The Implications of the Block Schedule

As of the 2018-2019 school year, the secondary schools of the Cherokee County School Districts will for the first time be in a block schedule. Researchers of school schedules have some criticisms for the traditional period schedule and also for the more contemporary block schedules. The sudden change will have consequences for various classes and possibly progression.

A cursory description of the current, daily schedule of Gaffney High School is as follows. School is in session between 8:15 and 3:30. There are nine periods, 7 of which are classes of about fifty minutes each. One period is reserved for lunch and another for homeroom, leaving an average of seven classes per student everyday. The schedule does not change from day to day, and each class is taken for the entire school year.

The block schedule has several changes with goals in mind to improve the classroom experience. Having only four classes a day, a block schedule allots twice as much as time for each class; this gives students and teachers more time to have a more productive lesson. A complaint of the traditional class schedule may be that it does not give enough time for class work, the result being more homework. With seven classes compounding homework, this leaves many students teaching themselves when a question is not answered in class. It is also more likely that teachers give superficial assignments so that students have the time to do them and shorter tests so that students can finish within one class period.

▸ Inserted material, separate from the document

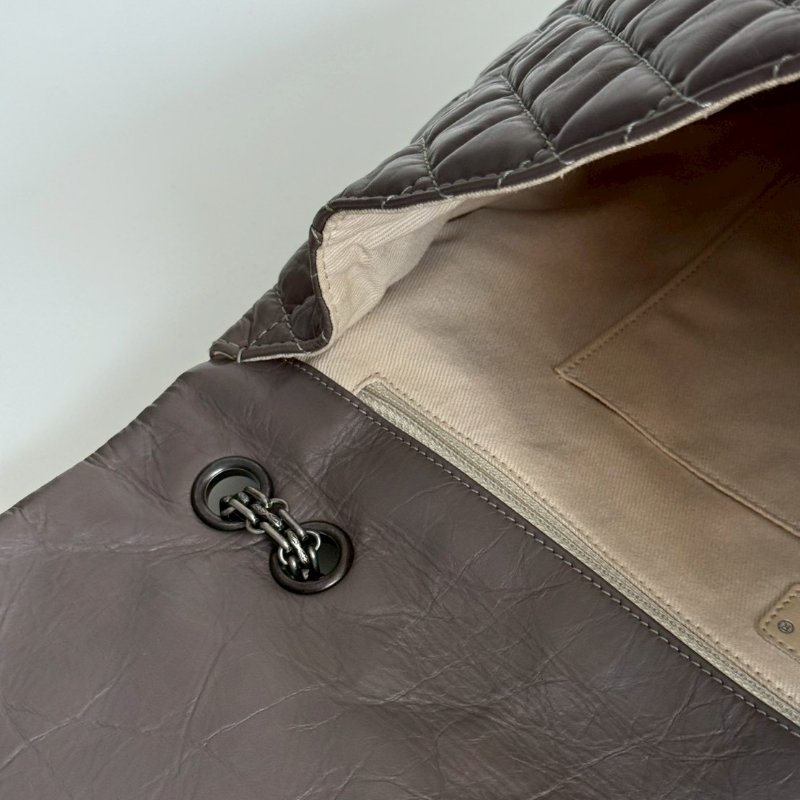 95新🩶 保卡款 Chanel 香奈兒 2.55機場包 灰色銀釦-14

Another major criticism of the traditional schedule is that much time is spent just in class change. At Gaffney High School, class changes are six minutes long, so with six (or seven with homeroom) class changes, daily, almost 35-45 minutes are of students walking the halls. Researchers also attribute this amount of downtime to a portion of disciplinary matters, meaning the more downtime, the more misbehavior. While so much unsupervised time requires active monitoring, such would cut into the administrative duties of principals and security personnel who can not be on every hall at once.

The block schedule is also criticized; four classes per day means that students take them only for a semester. The block schedule is criticized in this regard, for it is possible for a class to start a calendar year after its primary class has finished. For example, pre-calculus might end the first semester of the first year, and then calculus might only start the second semester of the second year, leaving a full year between two classes that are needed for students to understand the material fully.

Finishing about half of her courses in the middle of the year, a student would no longer take all of her exams at the end of the year. To test under the traditional schedule makes for an arduous May, in which the average seven exams are taken, one for each class.

There are a plethora of branches from the traditional schedule. Should school start an hour later? Should there be an A/B schedule? Should the time at which school ends vary from day to day? All of these questions and many more, the Cherokee County School District Office considers and implements directly.